Ahí está él. O lo que queda de él. Coronado con una lápida. Su nombre, su primer apellido y una cruz. Nada más. Como si eso fuese lo exactamente necesario para identificar el lugar. Y lo es, no hay más que ver las reacciones de la gente. Reacciones que van desde las flores depositadas, muchas más que en la tumba de Primo de Rivera, hasta la marabunta que allí se agolpa.
Gente que se salta el letrero de la entrada de ‘Prohibido fotos’ y gente que no se quiere ir de aquí sin su instantánea ante la tumba de Franco; como si eso fuese lo único que les ha llevado a visitar ese lugar. De hecho, no hay mayor verdad que esa.
Gente haciendo cola para posar en grupo, al más puro estilo equipo de fútbol. Parejas que, como si de recién casados se tratase, posan junto a la lápida de Franco como si la instantánea fuese un souvenir indispensable para poder regresar a casa. Familias que se hacen su foto de recuerdo. Amigos que se colocan, entre sonrisas y de manera individual, ante las cinco toneladas de roca mientras un servidor recuerda aquel “Si Franco levantara la cabeza…” que tanto escuchaba de pequeño y que ha quedado cada vez más descatalogado con el paso del tiempo.
También los hay devotos. Está, por ejemplo, el padre que le dice a su hijo “Vamos, Juan, ponte bien en el centro para salir con el Caudillo” y algún que otro que ha acudido al monumento por convicción. Este grupo de gente se caracteriza por portar, en su mayor parte, los colores de la bandera de España en algún punto de su vestimenta.
Sobre el altar, una cúpula con un mosaico precioso. Precioso, sí, con teselas doradas que Dios sabe –nunca mejor dicho– lo que debió de costar colocarlas. En el mosaico se aprecian las ‘consecuencias’ de la Guerra Civil de una manera sesgada: un bando, al que distinguiré como ‘Los Buenos’, ascendiendo al cielo donde les espera Jesucristo con el brazo repartiendo bendiciones; otro bando, al que denominaré ‘Los Malos’, implorando, más alejados, sus pasajes al Paraíso. A ambos extremos del transepto, dos criptas con sendos altares rinden homenaje a las víctimas de la guerra, ubicadas al otro lado de las paredes.

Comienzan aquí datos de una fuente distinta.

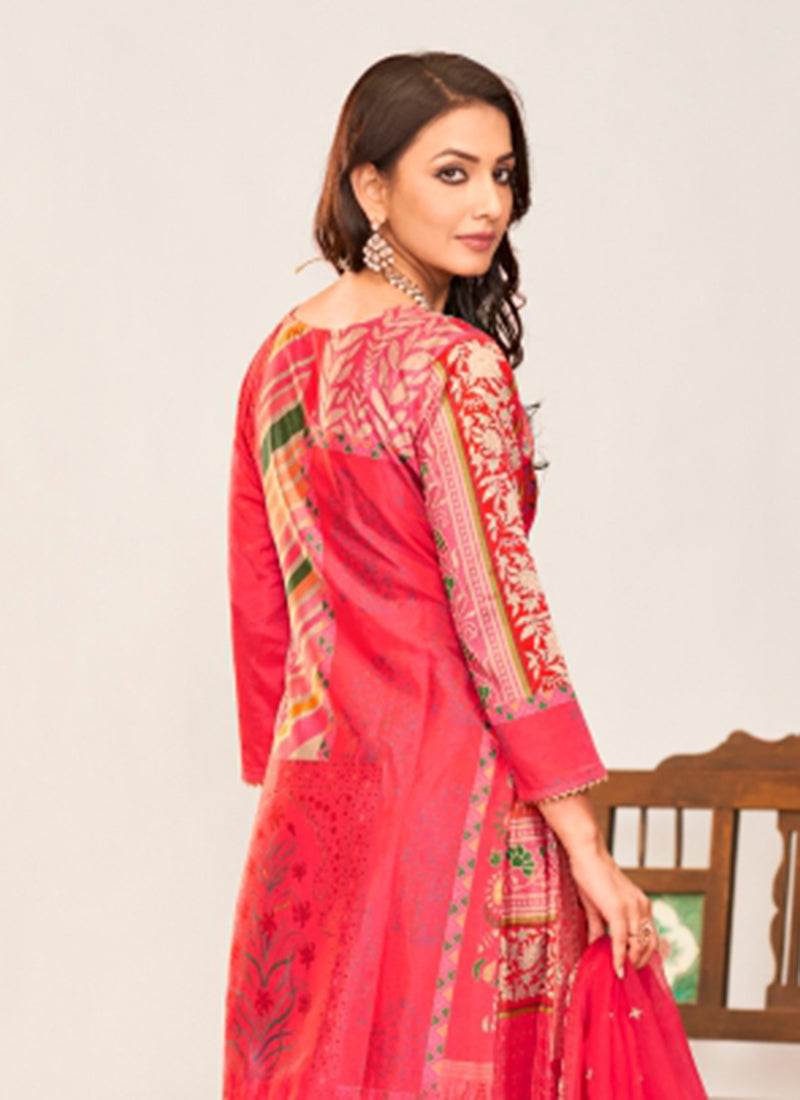 Crimson Multicoloured Embroidery Palazzo Style Suit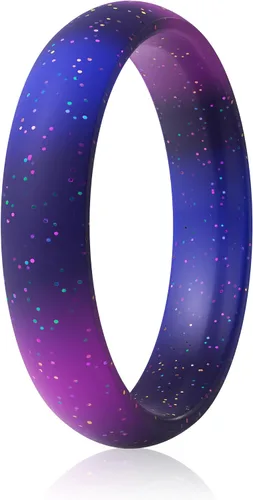 Vista 12 de ThunderFit Anillos de aniversario de silicona para mujer, 5.5 mm de ancho, 2 mm de grosor, bandas de goma de boda, paquete múltiple variado 1-12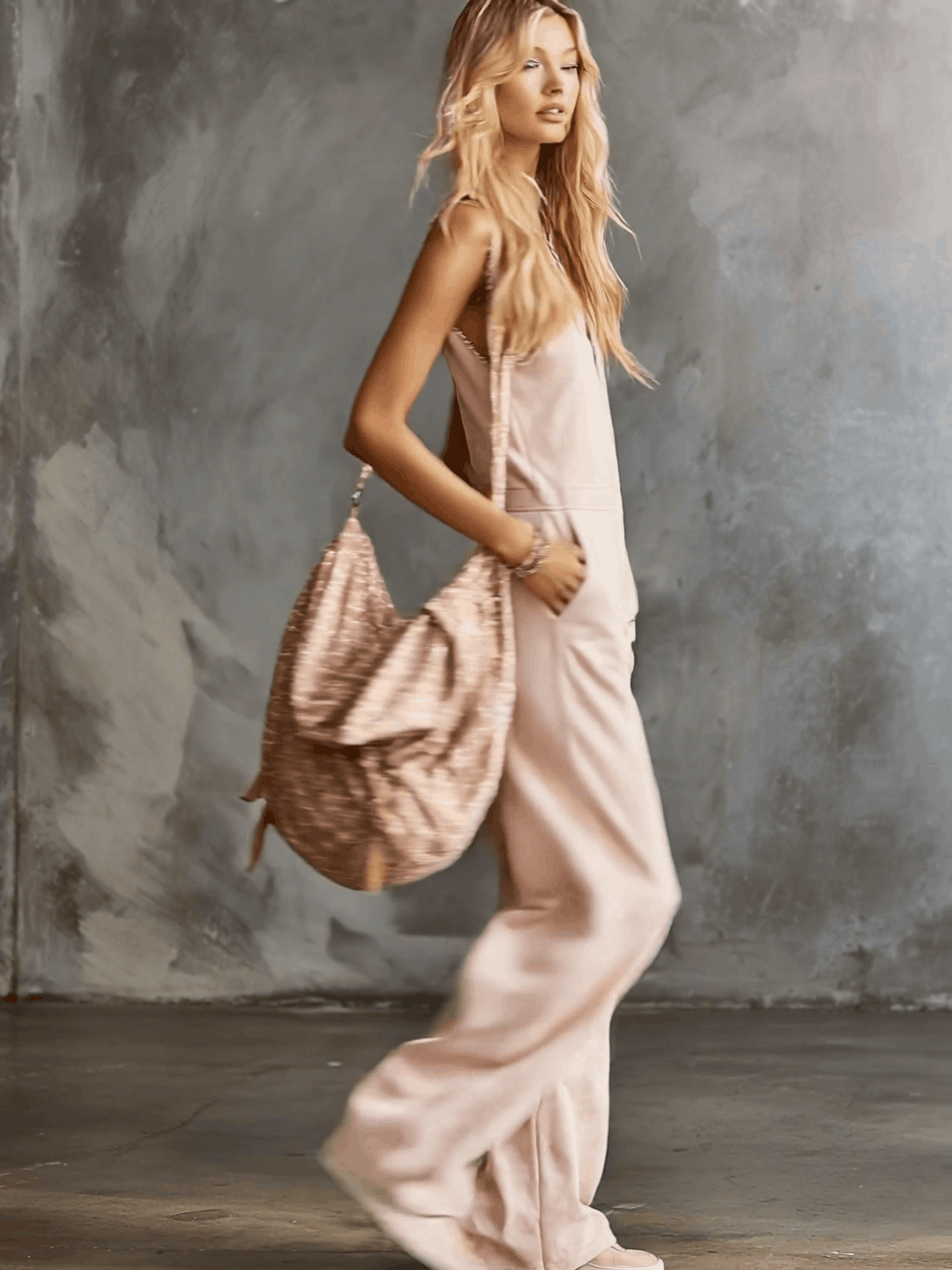 Sanni - Overall elegant im Retro-Stil aus Leinen mit Reißverschluss und V-Ausschnitt und ärmellosem Schnitt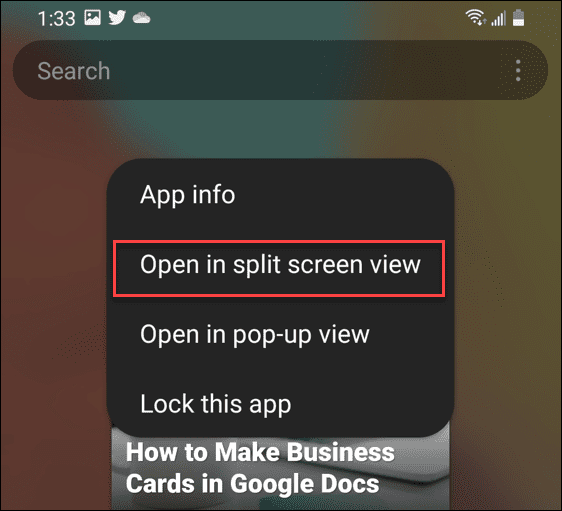 como dividir a tela no android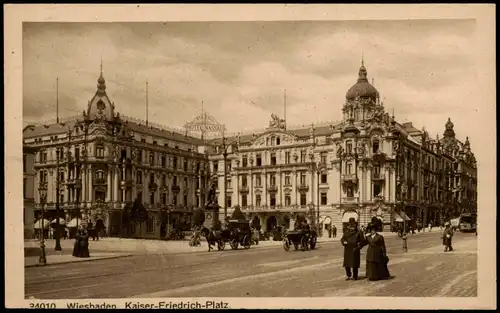 Ansichtskarte Wiesbaden Kaiser Friedrich Platz 1918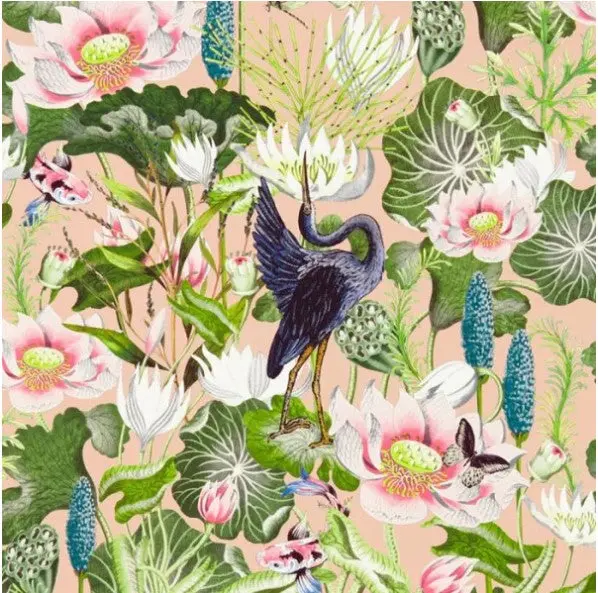 Clarke & Clarke Waterlily Wallpaper - Blush Sample 1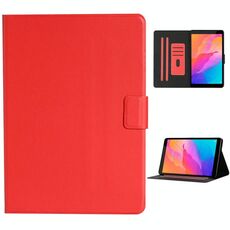 Per Huawei MediaPad T8 Custodia in pelle a vibrazione orizzontale tinta unita con slot per schede e supporto (rosso)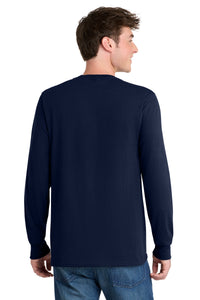 Port & Co Long Sleeve Core Blend Tee - Navy Back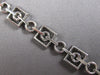 ESTATE WIDE 4.0CT DIAMOND 14KT WHITE GOLD ROUND & SQUARE CLASSIC TENNIS BRACELET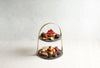 Artesá 2-Tier Brass Cake Stand with Round Slate Serving Platters image 3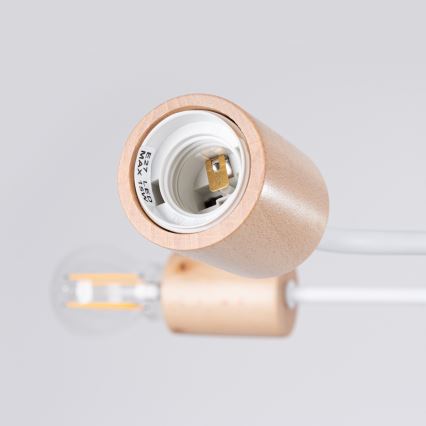 Pinnale kinnitatav lühter TIMBO 8xE27/15W/230V valge/beež/pöök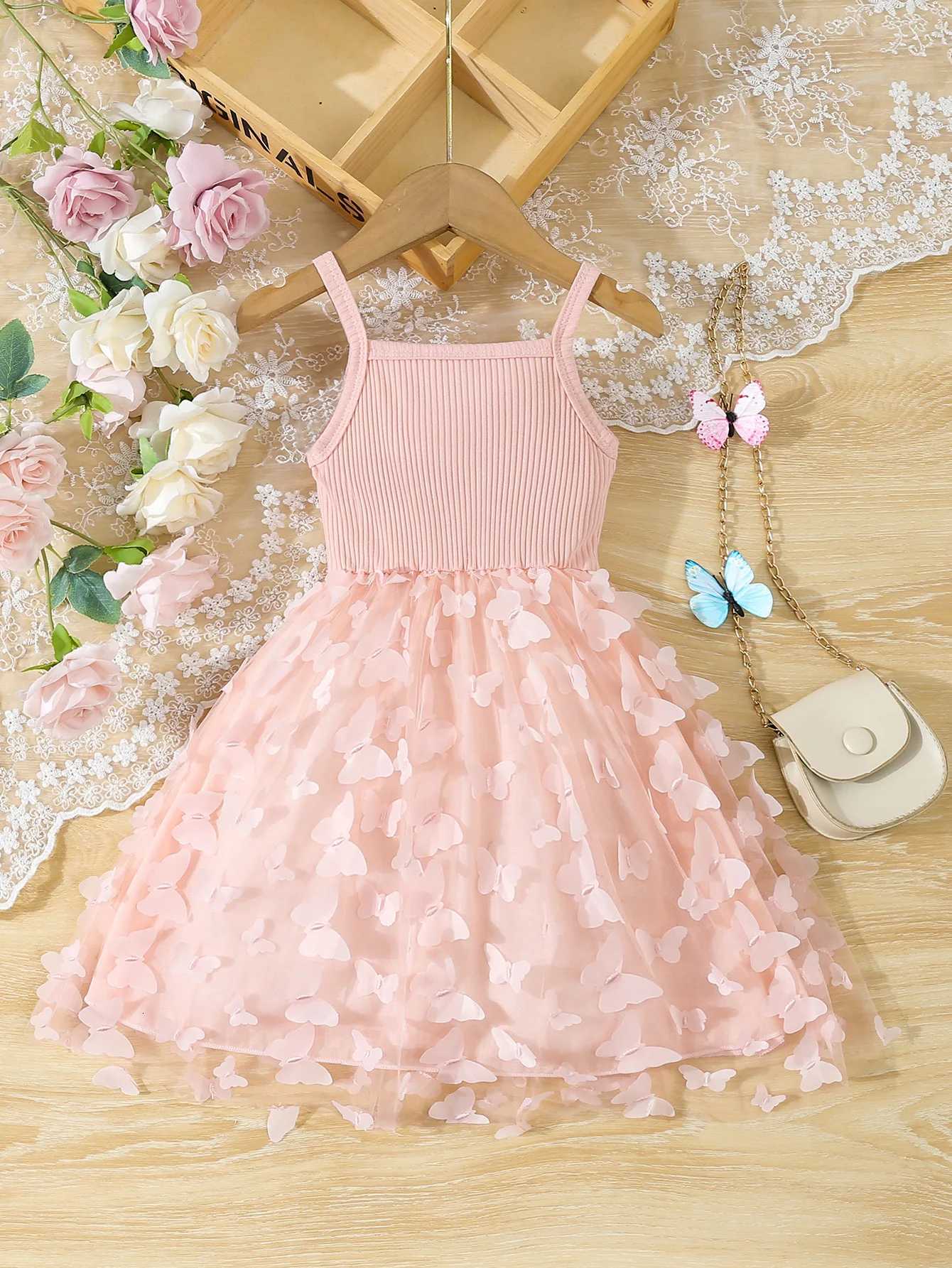 Summer Toddler Kids Girls Clothes Babys Butterfly Decor Mesh Splicing Cami Dress Elegant Sleeveless Princess Dress W250811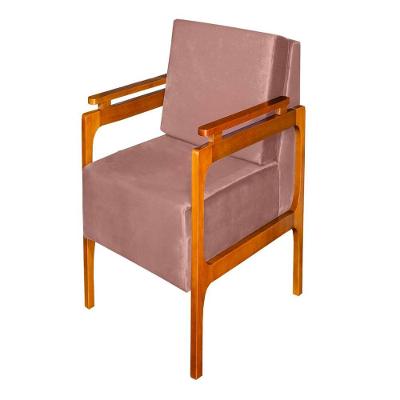 Poltrona Decorativa Yasmin Luxo Dora Bela Cor 0125 Rosa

En el camino de regreso me sigo cruzando con gente. Gente que va con la idea de rendir homenaje a un dictador y gente que va con el deseo de visitar este rocambolesco enclave antes de que el creador –nótese la minúscula– sea retirado de su tumba. Unos representan una ideología clara, otros suman entre sí varias ideologías. Por suerte, o por desgracia, es el metal lo único que activa el detector de la entrada.